_ASSIGNMENT_: Set down only the lines from the one containing "Hinweisschild Ausfahrt freihalten!, 2" through the final line of the entries below, exactly as they stand, with no pictures.

(Pictures with short captions)
- - - - -

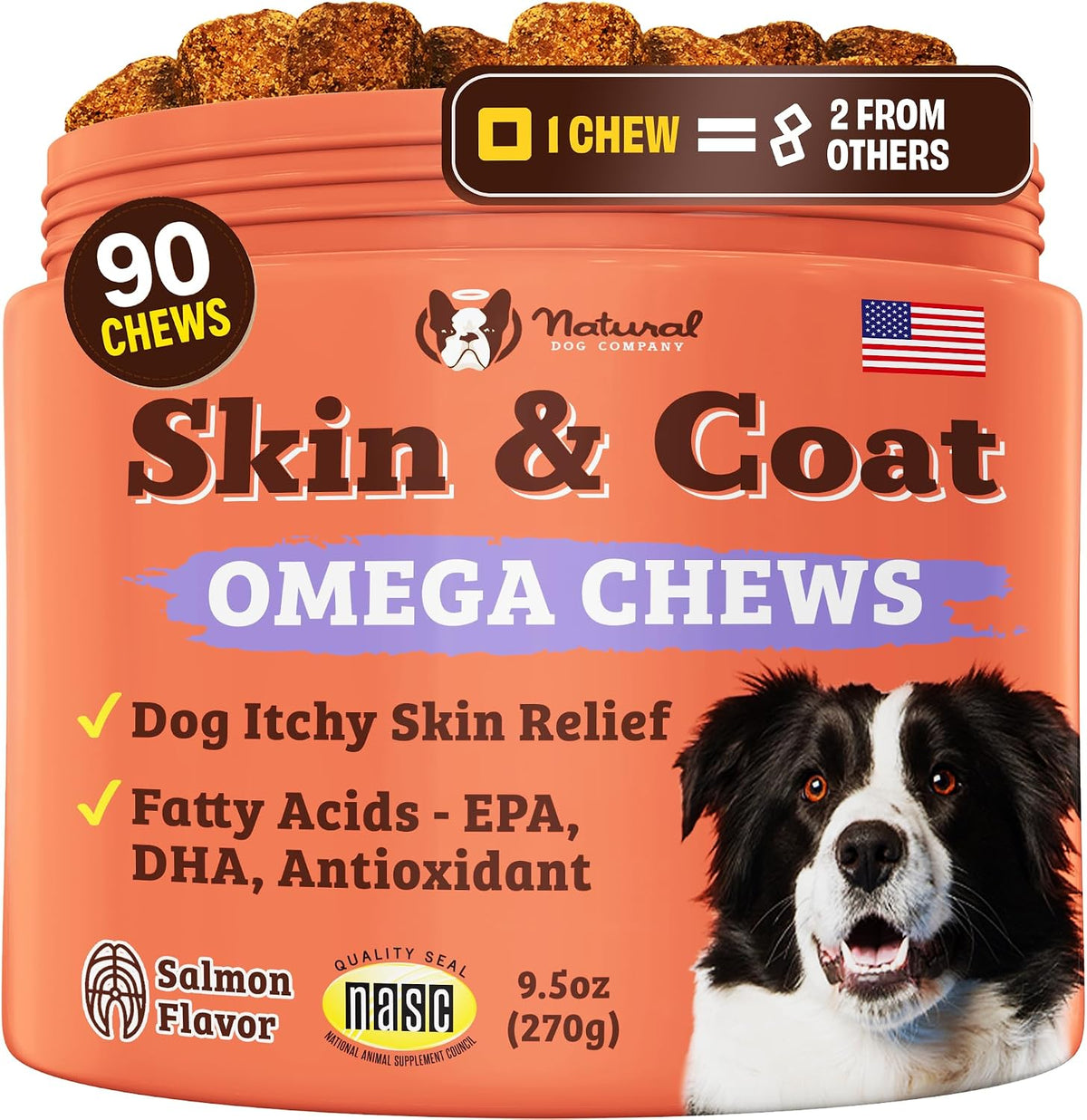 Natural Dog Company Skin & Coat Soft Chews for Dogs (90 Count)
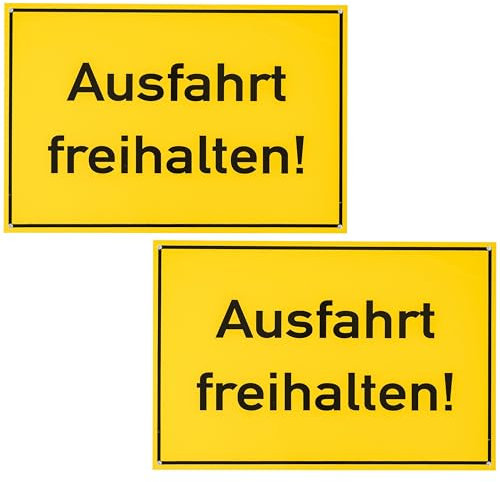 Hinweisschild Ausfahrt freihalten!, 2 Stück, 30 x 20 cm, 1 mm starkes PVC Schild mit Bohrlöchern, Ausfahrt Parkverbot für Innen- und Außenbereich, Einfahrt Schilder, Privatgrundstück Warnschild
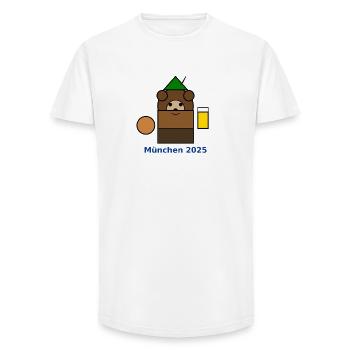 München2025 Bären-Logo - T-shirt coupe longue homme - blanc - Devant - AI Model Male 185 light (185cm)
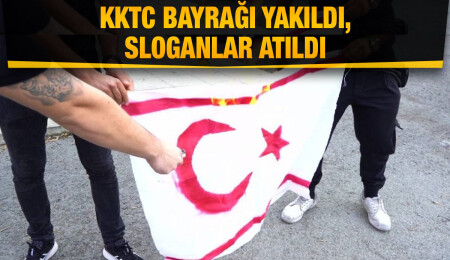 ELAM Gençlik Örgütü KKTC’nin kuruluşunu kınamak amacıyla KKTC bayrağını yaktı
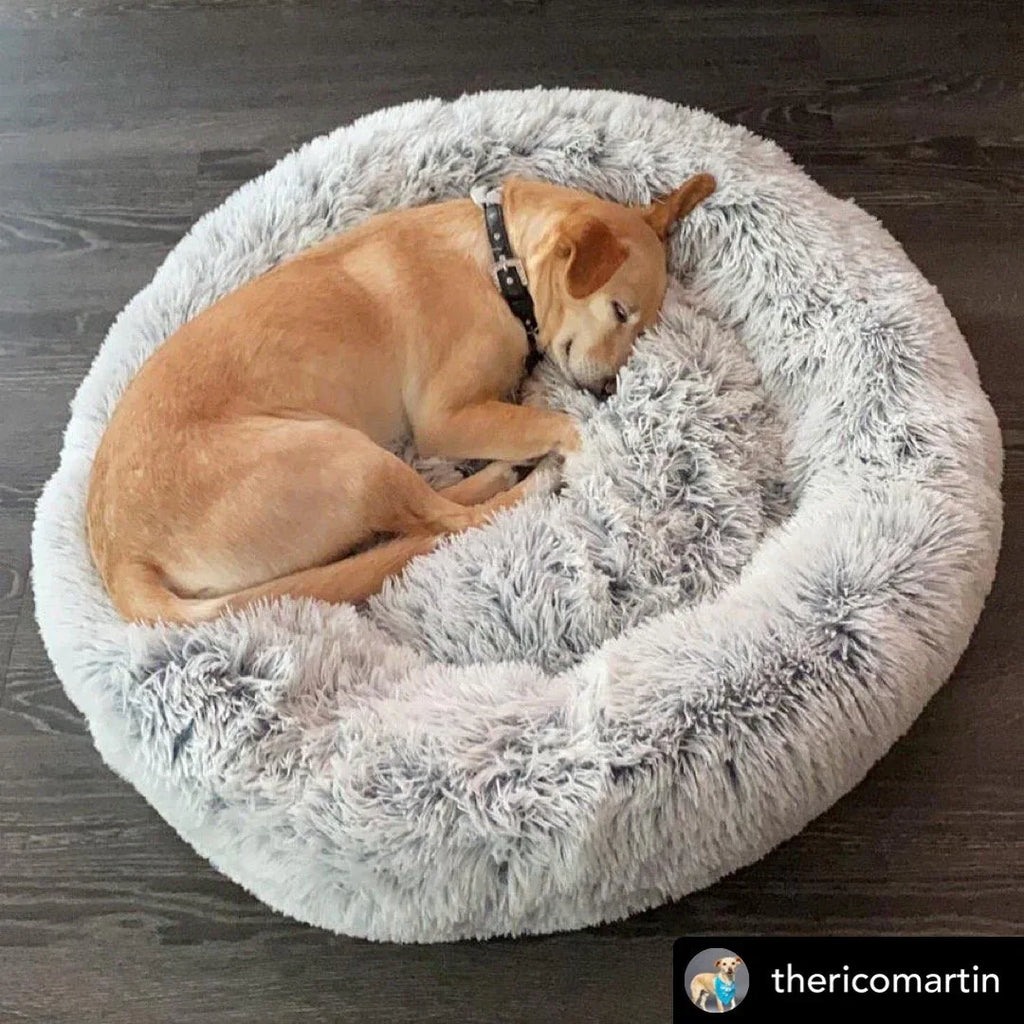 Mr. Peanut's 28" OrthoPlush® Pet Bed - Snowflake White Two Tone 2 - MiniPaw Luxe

- - - - -

_RESPONSE TO THIS EXERCISE_:
 Hinweisschild Ausfahrt freihalten!, 2 Stück, 30 x 20 cm, 1 mm starkes PVC Schild mit Bohrlöchern, Ausfahrt Parkverbot für Innen- und Außenbereich, Einfahrt Schilder, Privatgrundstück Warnschild
 München2025 Bären-Logo - T-shirt coupe longue homme - blanc - Devant - AI Model Male 185 light (185cm)
 ELAM Gençlik Örgütü KKTC’nin kuruluşunu kınamak amacıyla KKTC bayrağını yaktı
 Mr. Peanut's 28" OrthoPlush® Pet Bed - Snowflake White Two Tone 2 - MiniPaw Luxe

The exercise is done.